**DATASET RECORDS**
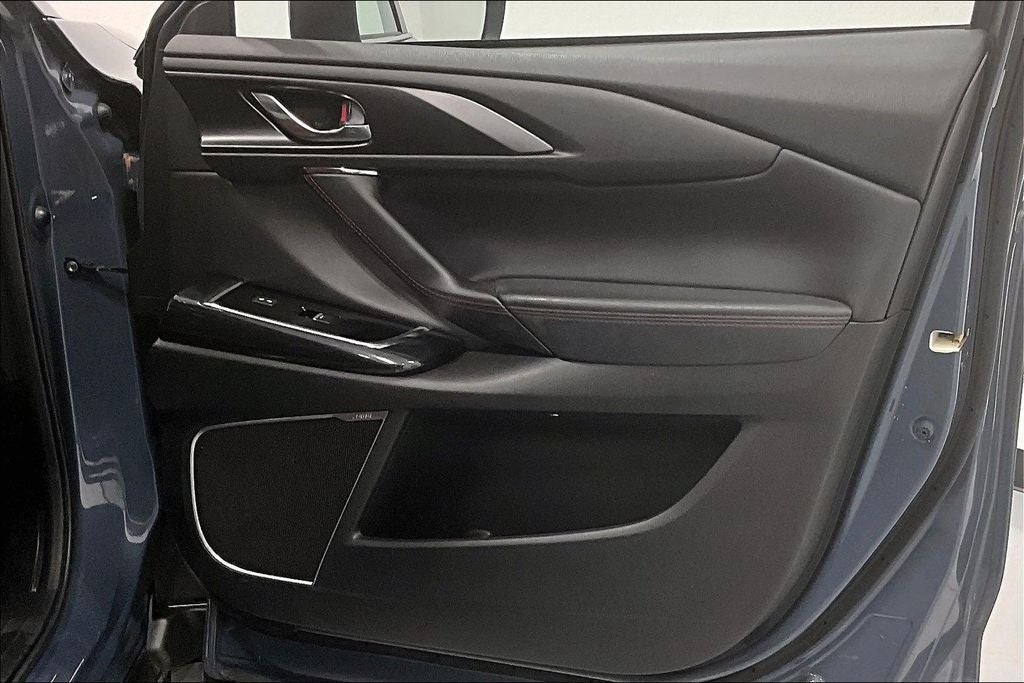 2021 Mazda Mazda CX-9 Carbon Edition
---
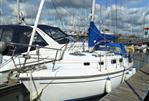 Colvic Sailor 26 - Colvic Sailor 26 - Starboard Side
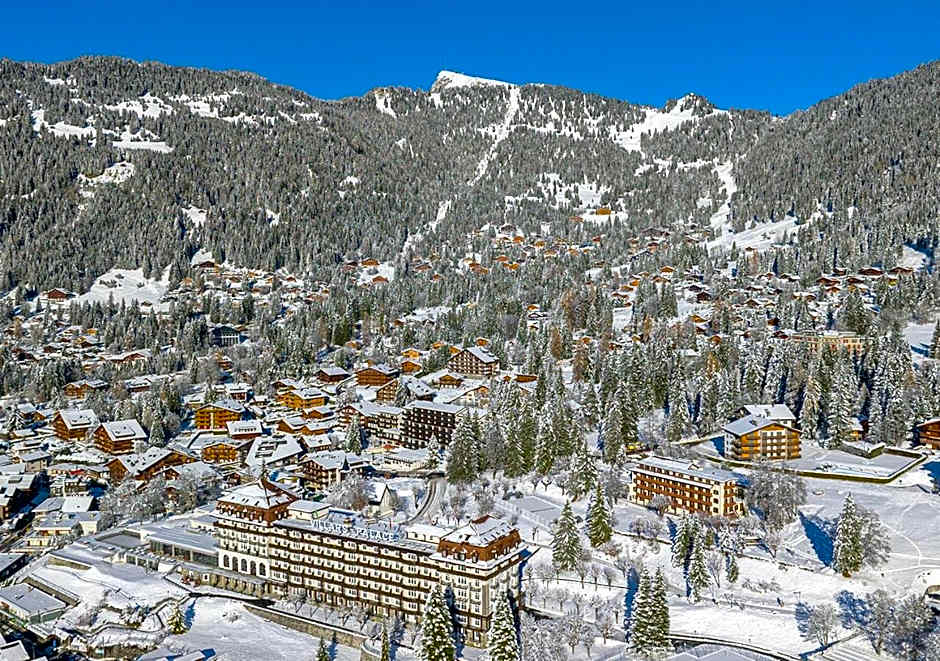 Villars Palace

**PROBLEM TO SOLVE**
Return exactly the part of the listing above that opens with the line containing "Colvic Sailor 26 - Colvic" and closes with the line containing "Villars Palace". Pictures stay out.

**ANSWER SECTION**
 Colvic Sailor 26 - Colvic Sailor 26 - Starboard Side
 Villars Palace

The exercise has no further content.